Exercise materials:
/---
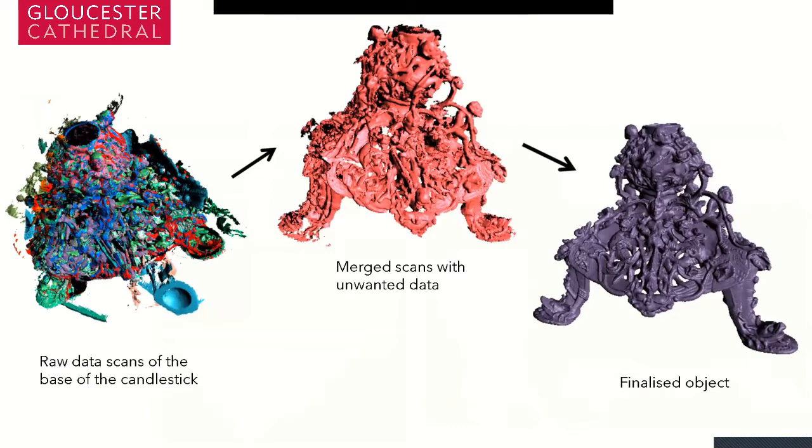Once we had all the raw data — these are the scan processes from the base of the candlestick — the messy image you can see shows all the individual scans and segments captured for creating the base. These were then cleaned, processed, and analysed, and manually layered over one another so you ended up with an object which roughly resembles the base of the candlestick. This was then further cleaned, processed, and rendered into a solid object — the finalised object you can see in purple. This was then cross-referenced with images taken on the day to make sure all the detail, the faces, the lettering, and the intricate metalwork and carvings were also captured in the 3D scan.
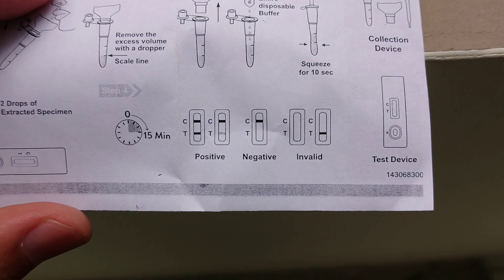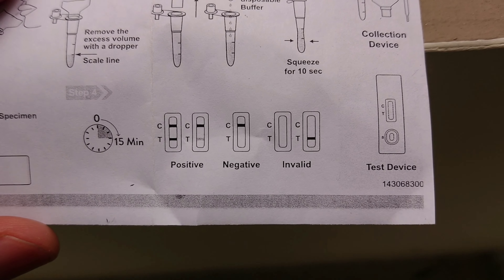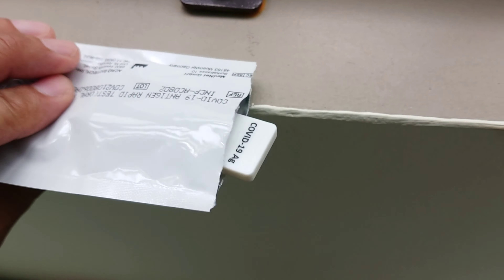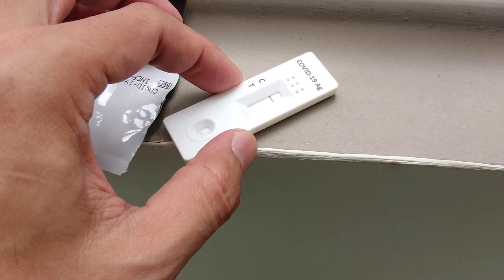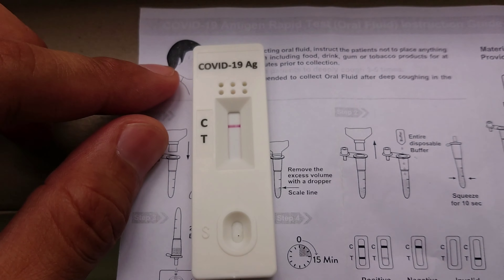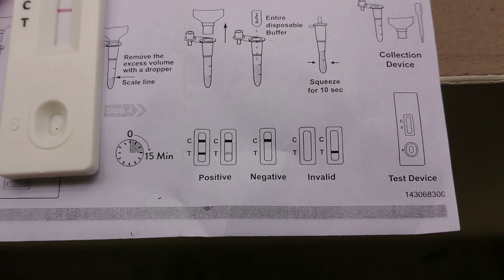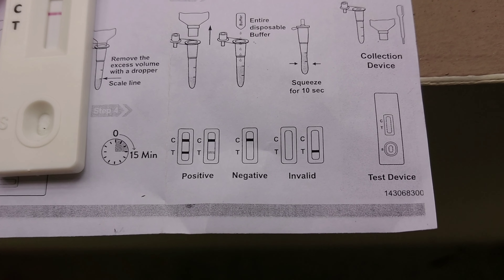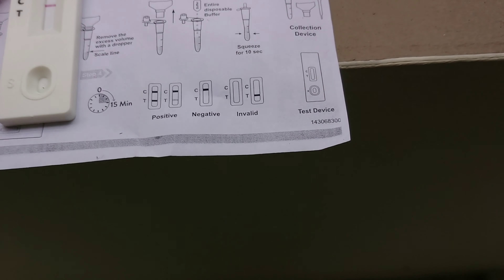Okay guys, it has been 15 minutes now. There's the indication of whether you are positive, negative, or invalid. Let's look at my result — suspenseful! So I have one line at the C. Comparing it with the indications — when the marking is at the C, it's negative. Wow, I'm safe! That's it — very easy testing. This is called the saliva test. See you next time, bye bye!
\---
/---
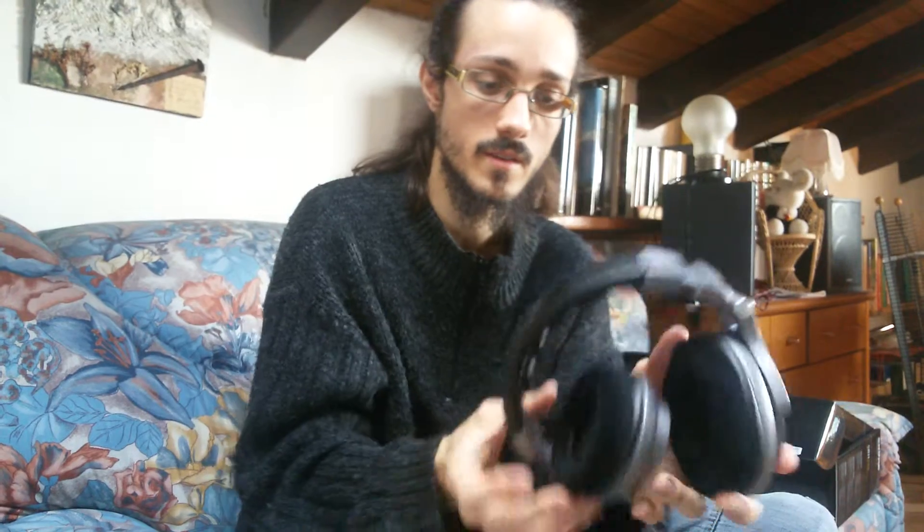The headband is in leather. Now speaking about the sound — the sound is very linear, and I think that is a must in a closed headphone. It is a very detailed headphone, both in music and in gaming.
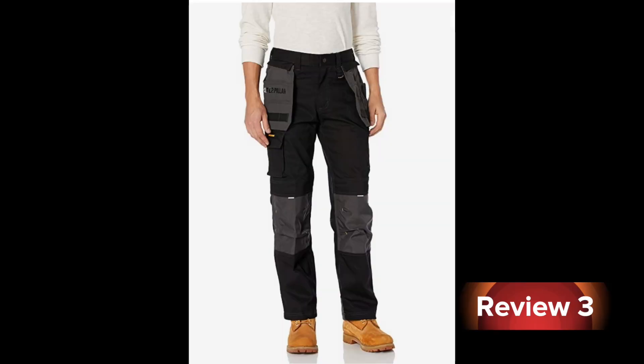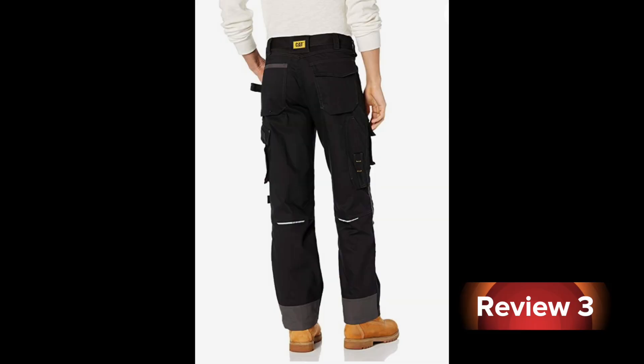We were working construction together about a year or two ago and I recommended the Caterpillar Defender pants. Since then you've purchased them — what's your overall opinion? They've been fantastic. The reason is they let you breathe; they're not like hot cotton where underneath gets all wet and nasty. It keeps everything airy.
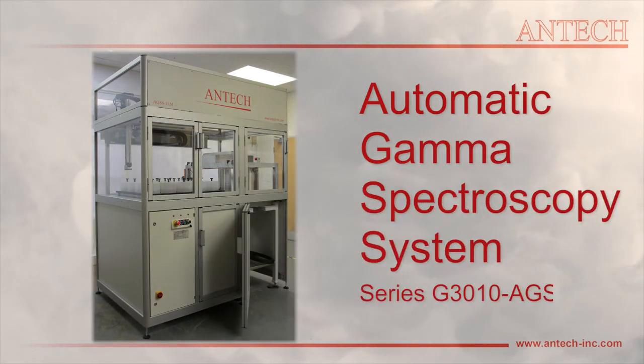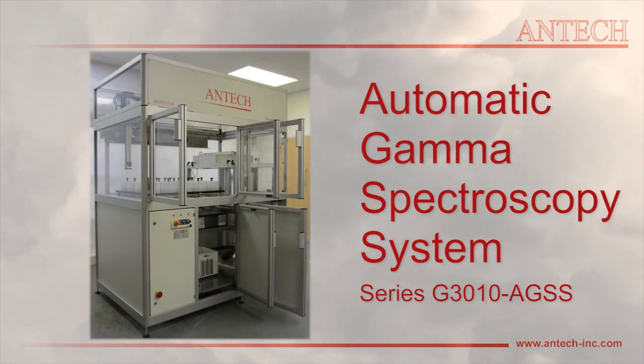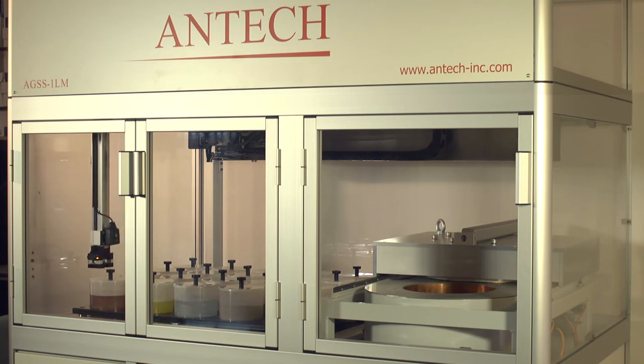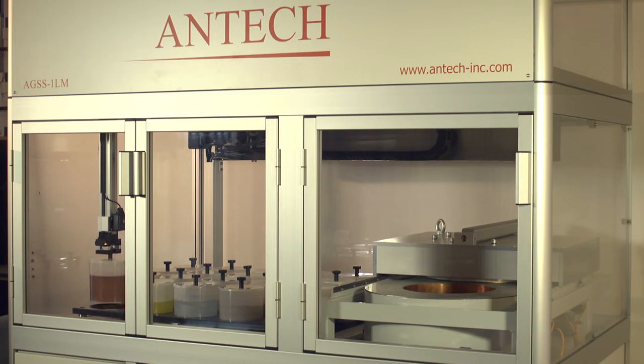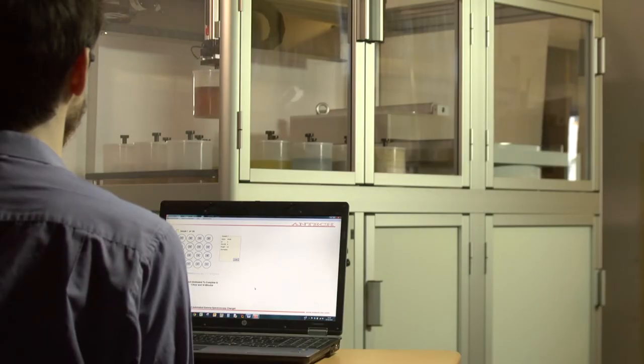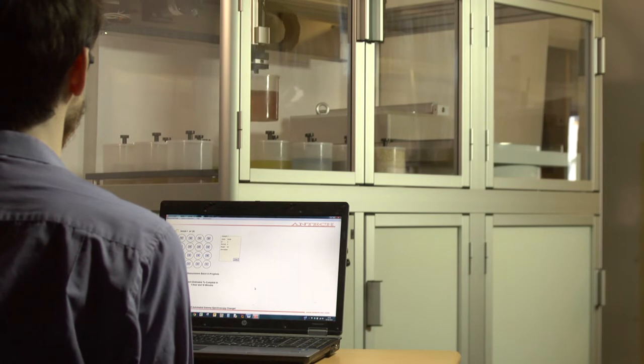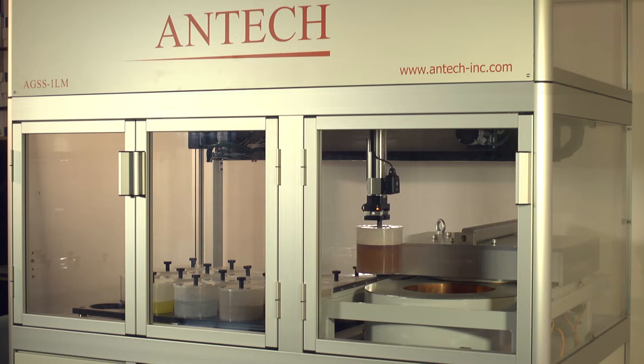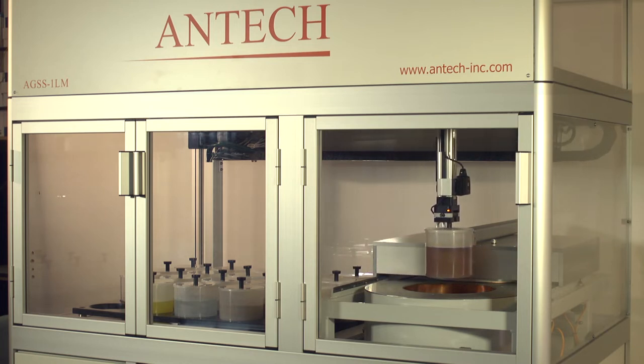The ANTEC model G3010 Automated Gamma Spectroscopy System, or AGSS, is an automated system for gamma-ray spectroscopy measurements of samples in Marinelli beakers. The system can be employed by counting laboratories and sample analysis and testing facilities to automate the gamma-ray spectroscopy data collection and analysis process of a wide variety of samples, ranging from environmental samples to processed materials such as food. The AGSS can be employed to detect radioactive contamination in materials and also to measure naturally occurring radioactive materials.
\---
/---
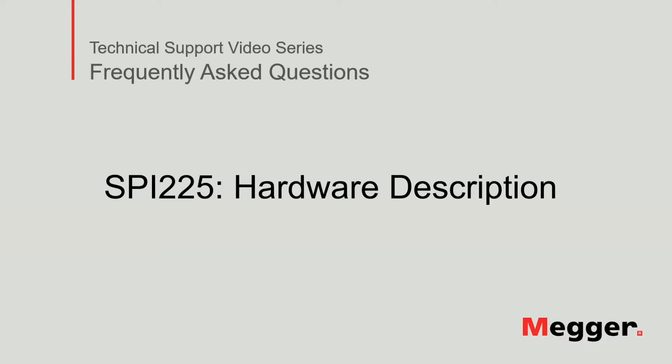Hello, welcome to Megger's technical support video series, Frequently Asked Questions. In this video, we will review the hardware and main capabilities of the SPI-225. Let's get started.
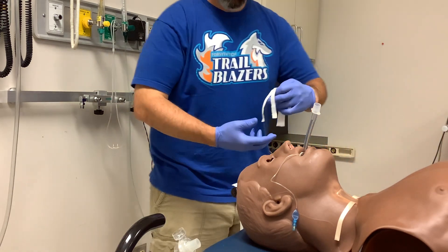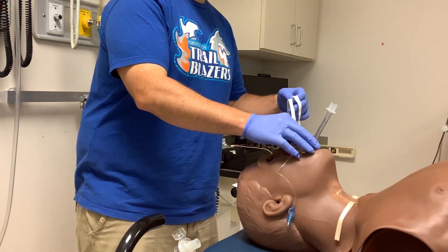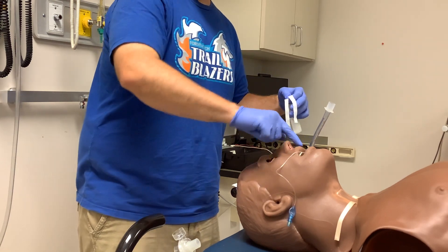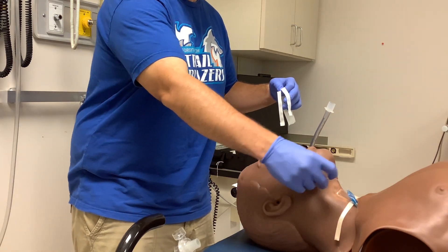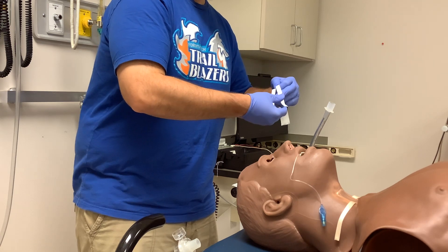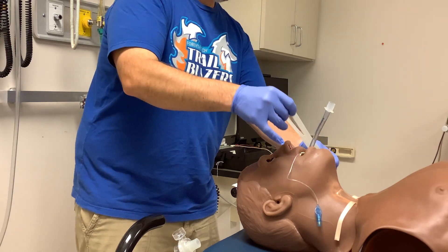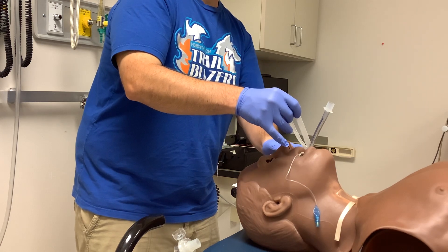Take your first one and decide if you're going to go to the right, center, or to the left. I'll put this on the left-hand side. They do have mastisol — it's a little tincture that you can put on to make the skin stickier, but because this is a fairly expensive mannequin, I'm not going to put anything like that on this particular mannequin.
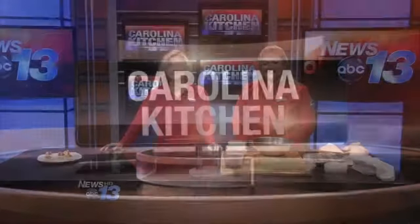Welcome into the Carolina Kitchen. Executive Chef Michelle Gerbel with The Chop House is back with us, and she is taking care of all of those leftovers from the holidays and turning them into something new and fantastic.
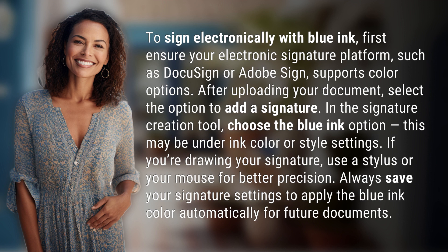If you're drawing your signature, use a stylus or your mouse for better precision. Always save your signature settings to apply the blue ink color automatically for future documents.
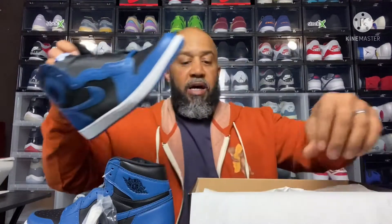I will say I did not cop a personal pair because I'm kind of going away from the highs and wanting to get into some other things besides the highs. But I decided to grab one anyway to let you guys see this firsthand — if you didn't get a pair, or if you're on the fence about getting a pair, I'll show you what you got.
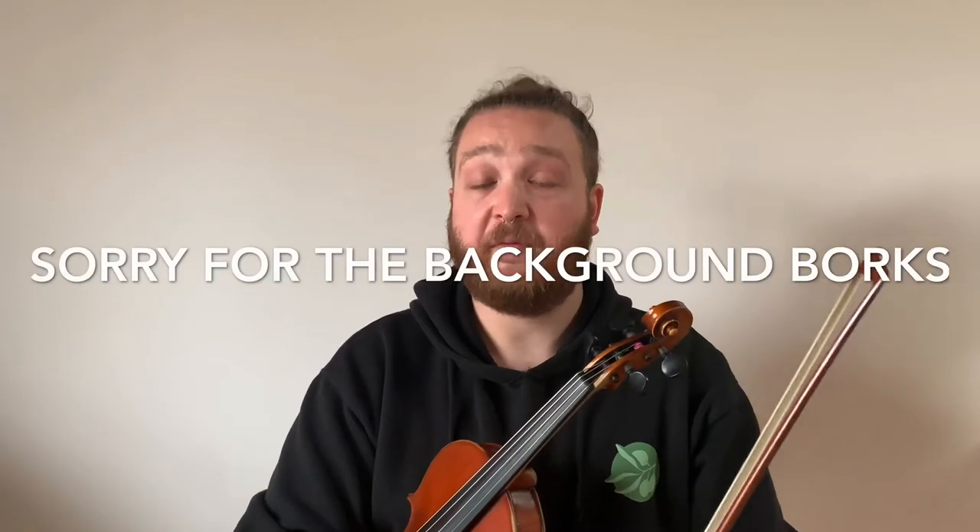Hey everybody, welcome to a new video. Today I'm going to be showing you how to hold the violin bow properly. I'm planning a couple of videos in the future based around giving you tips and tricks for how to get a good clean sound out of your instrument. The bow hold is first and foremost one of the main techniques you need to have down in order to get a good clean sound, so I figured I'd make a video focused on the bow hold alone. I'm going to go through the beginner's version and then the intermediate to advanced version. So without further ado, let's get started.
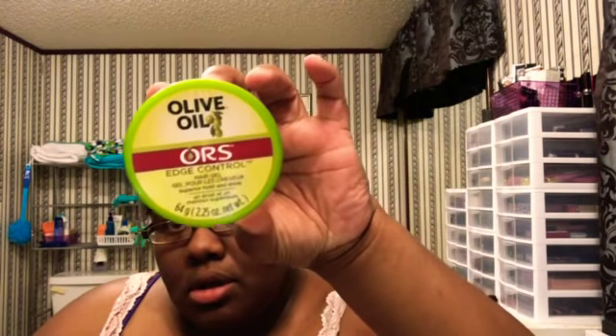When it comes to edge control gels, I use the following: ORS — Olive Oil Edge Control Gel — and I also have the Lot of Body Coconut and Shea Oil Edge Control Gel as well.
\---
What the task requires:
Look above for the line with "Welcome into the" and the line with "Hey everybody, welcome". Output those two and everything between them exactly, pictures excluded.

Answer:
Welcome into the Carolina Kitchen. Executive Chef Michelle Gerbel with The Chop House is back with us, and she is taking care of all of those leftovers from the holidays and turning them into something new and fantastic.
If you're drawing your signature, use a stylus or your mouse for better precision. Always save your signature settings to apply the blue ink color automatically for future documents.
I will say I did not cop a personal pair because I'm kind of going away from the highs and wanting to get into some other things besides the highs. But I decided to grab one anyway to let you guys see this firsthand — if you didn't get a pair, or if you're on the fence about getting a pair, I'll show you what you got.
Hey everybody, welcome to a new video. Today I'm going to be showing you how to hold the violin bow properly. I'm planning a couple of videos in the future based around giving you tips and tricks for how to get a good clean sound out of your instrument. The bow hold is first and foremost one of the main techniques you need to have down in order to get a good clean sound, so I figured I'd make a video focused on the bow hold alone. I'm going to go through the beginner's version and then the intermediate to advanced version. So without further ado, let's get started.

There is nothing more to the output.